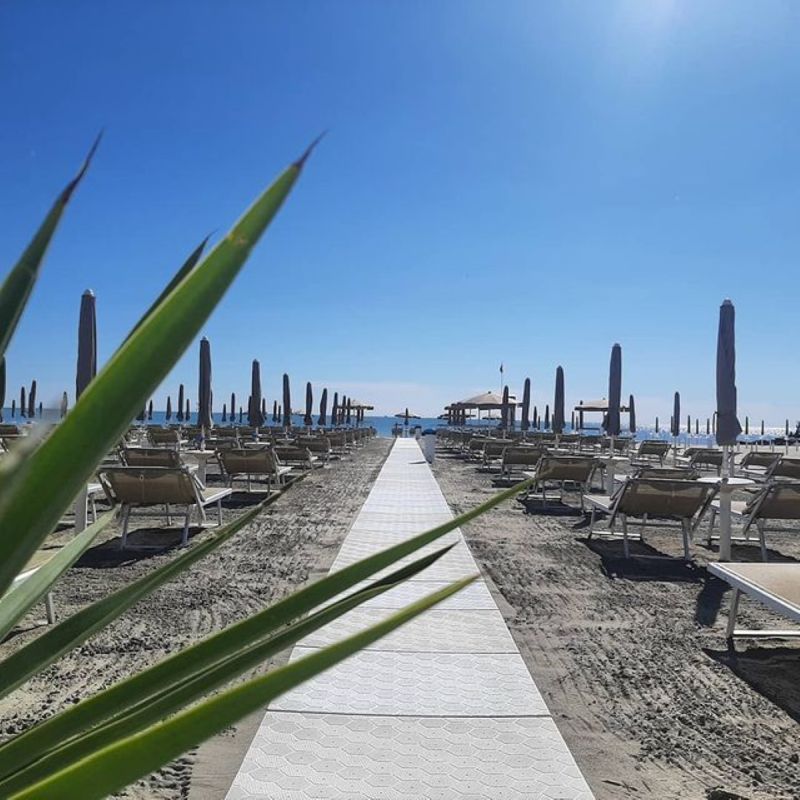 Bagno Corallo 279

══════

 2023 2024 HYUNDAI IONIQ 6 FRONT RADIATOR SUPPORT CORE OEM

══════

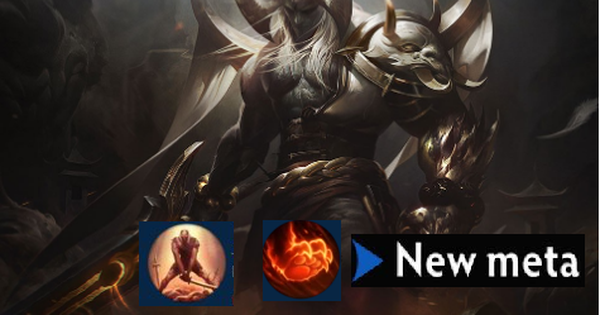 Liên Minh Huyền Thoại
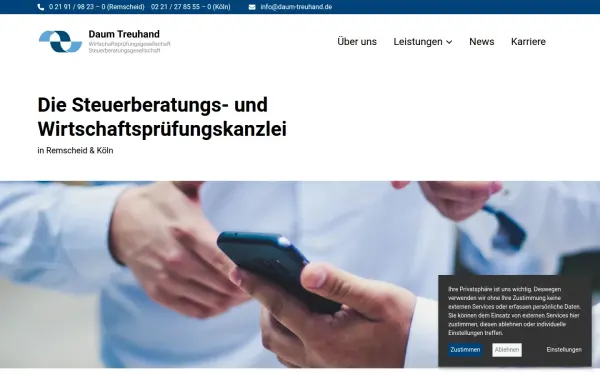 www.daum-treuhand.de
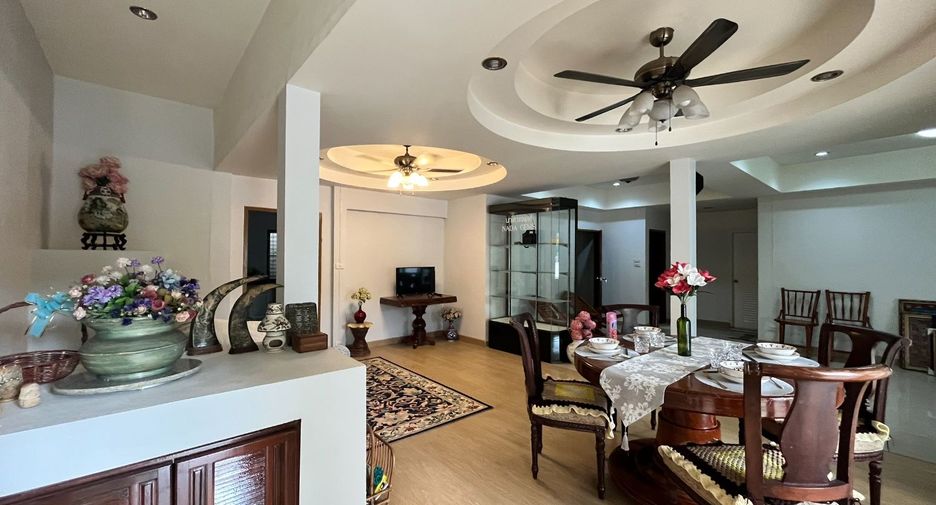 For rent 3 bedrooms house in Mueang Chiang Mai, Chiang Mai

══════

● **YOUR INSTRUCTIONS**: Exact copy, no pictures. Write out the lines in the entries above, starting with the line with "www.daum-treuhand.de" and going on through the line with "For rent 3 bedrooms", keeping both.

● **EXPECTED ANSWER**:
 www.daum-treuhand.de
 For rent 3 bedrooms house in Mueang Chiang Mai, Chiang Mai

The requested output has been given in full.